Очень быстро ей стало ясно, что её второй муж Лёва ничего общего с её первым мужем не имеет. Он просто даже не представлял себе, что значит быть мужем, иметь семью. Его интересовала только наука, он настолько был ею поглощён, что на семейную жизнь у него просто не хватало времени. Паулина родила вскоре сына Симона (23 октября 1911), а через 17 месяцев родилась дочь Раиса (27 марта 1913). Материнские заботы полностью её поглотили. Матерью она была превосходной. Единственного своего сыночка, нежного красавца Симочку, Паулина особенно обожала. Всё же любовь сына и девочек немного её утешала, однако, материнские радости – это ведь ещё не всё... Своего учёного мужа она почти не видела все эти первые годы. Лев Семенович часто уезжал в Москву или работал с утра до ночи. «Только не мешайте, дети плачут, это просто невыносимо, беда... не дают думать...»

Она всё время чувствовала своё чудовищное одиночество. И вспоминала своё счастливое время с первым мужем, ей ведь было с чем сравнивать. Наверное, иногда у неё вырывалось всё это наружу, она не могла сдержать своё недовольство, и Льву приходилось выслушивать ее жалобы и упрёки. В результате он пришел к выводу, что дома бывать надо как можно меньше, иначе невозможно плодотворно работать. У биографов Берга можно прочитать:  «семейная жизнь у Берга не сложилась...»

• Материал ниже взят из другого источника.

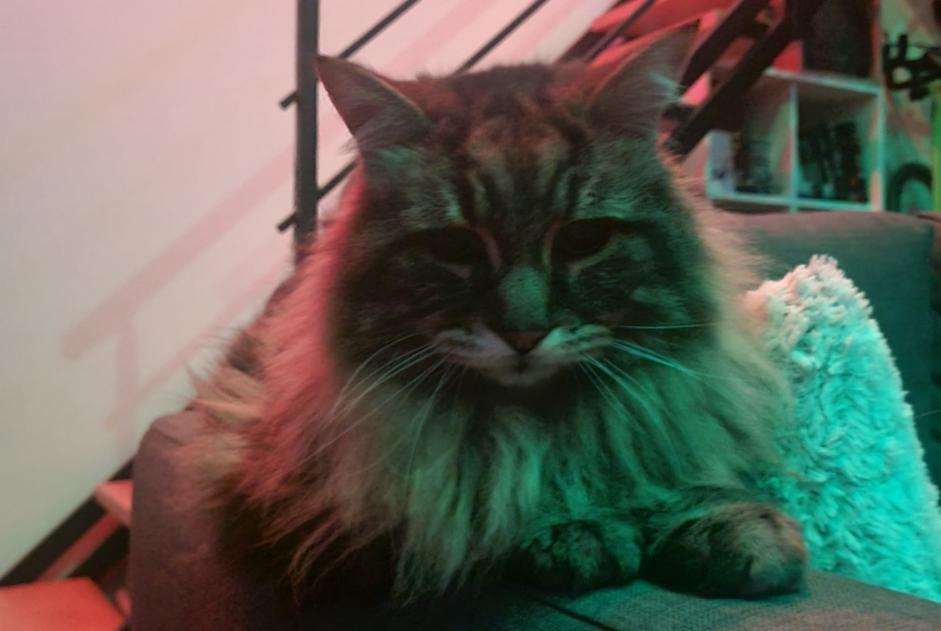 Alerte Découverte Chat Inconnu Beauzelle France Alerte Découverte Chat Inconnu Beauzelle France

Мои тетушки Анна и Наталья, которым в то время было 10 и 12 лет, рассказывали довольно невероятную историю:

– Когда у нашей мамы начались родовые схватки – она должна была родить младшую сестру Раю, она пришла к мужу в кабинет и попросила вызвать на дом доктора или акушерку. Тогда принято было рожать дома, не в роддоме, как теперь. Так вот, Лев отказался... Он, наверное, был опять сильно поглощён своей работой, а она пришла «мешать»... И он ей ответил:

– Корова сама рожает, и ты тоже можешь обойтись без доктора... И не стал вызывать... просто отшил её...

Так им, вероятно, рассказала эту историю их мама Паулина. А на самом деле? Скорее всего, Лев Семенович ей предложил сам принять роды, учитывая, что рожала она уже четвёртого ребёнка. По-видимому, предыдущие роды у неё были не слишком тяжёлые, рожала она быстро и относительно легко, вот он и предложил справиться без акушерки. Он вполне мог сказать ей, что и сам мог бы перевязать пуповину новорождённого... Однако она очень обиделась.

Это уже было последней каплей, она была гордая, ранимая, с характером. Он её часто обижал.  Она решила уйти, чтобы ему «не мешать»...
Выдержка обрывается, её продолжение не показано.